Task item: Look for the line with "Buczacz, cmentarz żydowski" in the data below, then reproduce word for word that line and every line after it. Leave out all pictures and add nothing.

------ Material provided

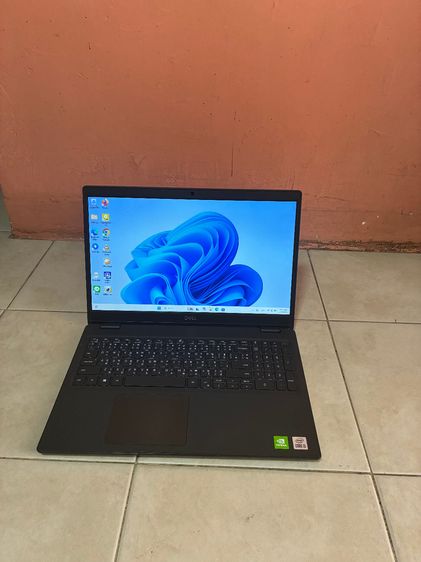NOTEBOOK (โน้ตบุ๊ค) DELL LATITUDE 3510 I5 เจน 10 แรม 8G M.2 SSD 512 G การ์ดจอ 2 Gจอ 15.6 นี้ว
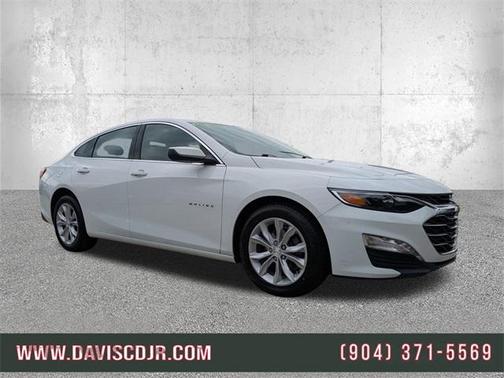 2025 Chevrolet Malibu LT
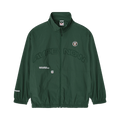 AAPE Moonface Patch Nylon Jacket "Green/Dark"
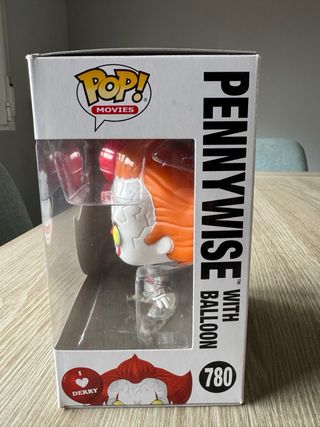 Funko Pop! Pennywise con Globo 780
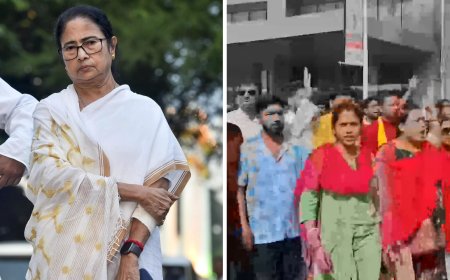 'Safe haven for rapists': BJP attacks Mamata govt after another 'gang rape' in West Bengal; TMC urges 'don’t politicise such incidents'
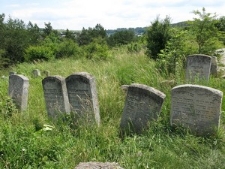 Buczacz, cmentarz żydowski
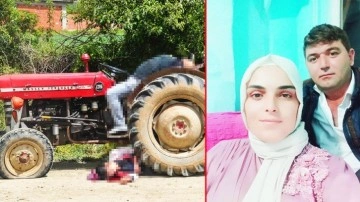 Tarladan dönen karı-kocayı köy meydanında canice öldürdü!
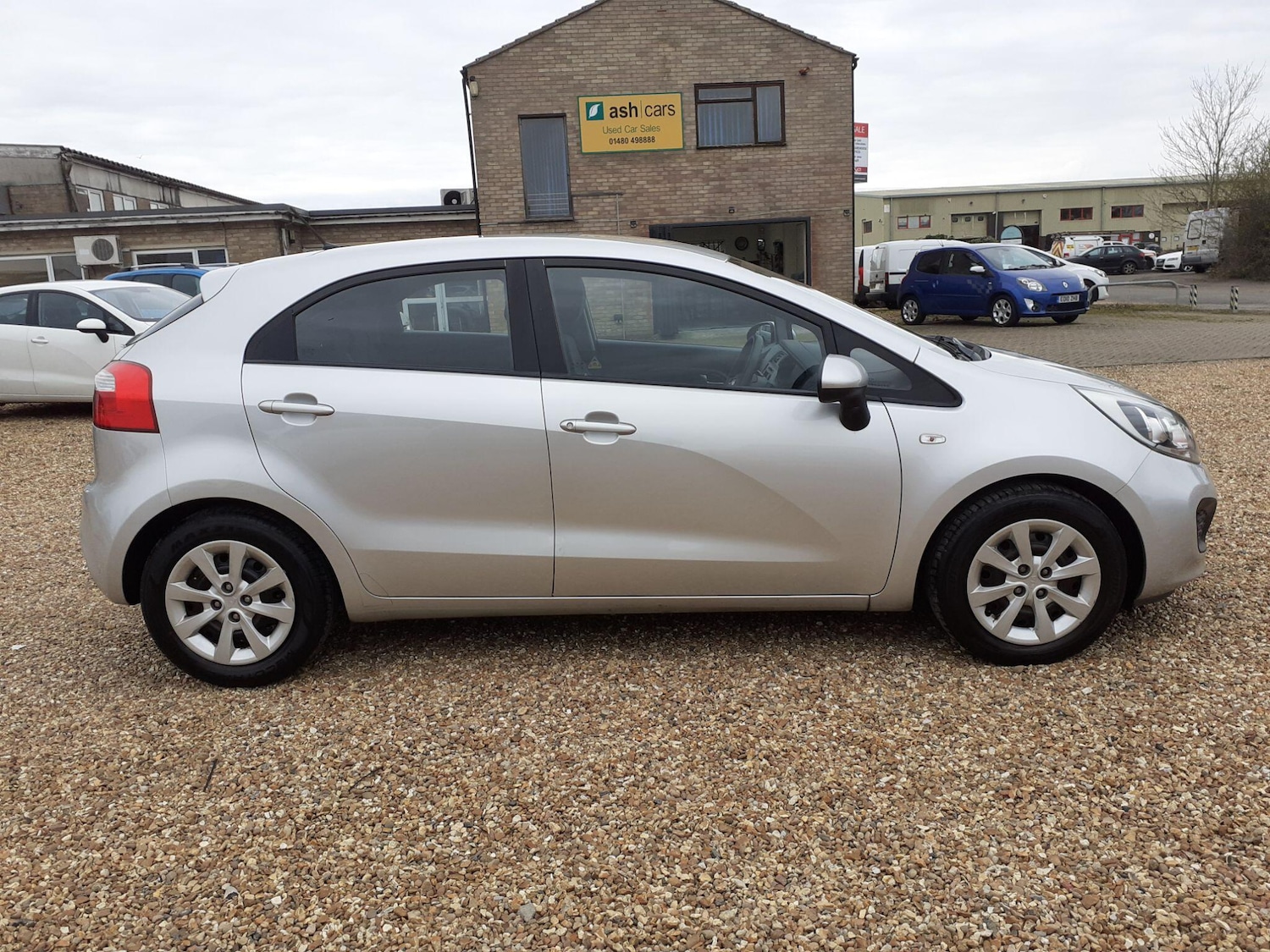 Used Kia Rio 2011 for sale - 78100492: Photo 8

------------

Your solution:
 Buczacz, cmentarz żydowski
 Tarladan dönen karı-kocayı köy meydanında canice öldürdü!
 Used Kia Rio 2011 for sale - 78100492: Photo 8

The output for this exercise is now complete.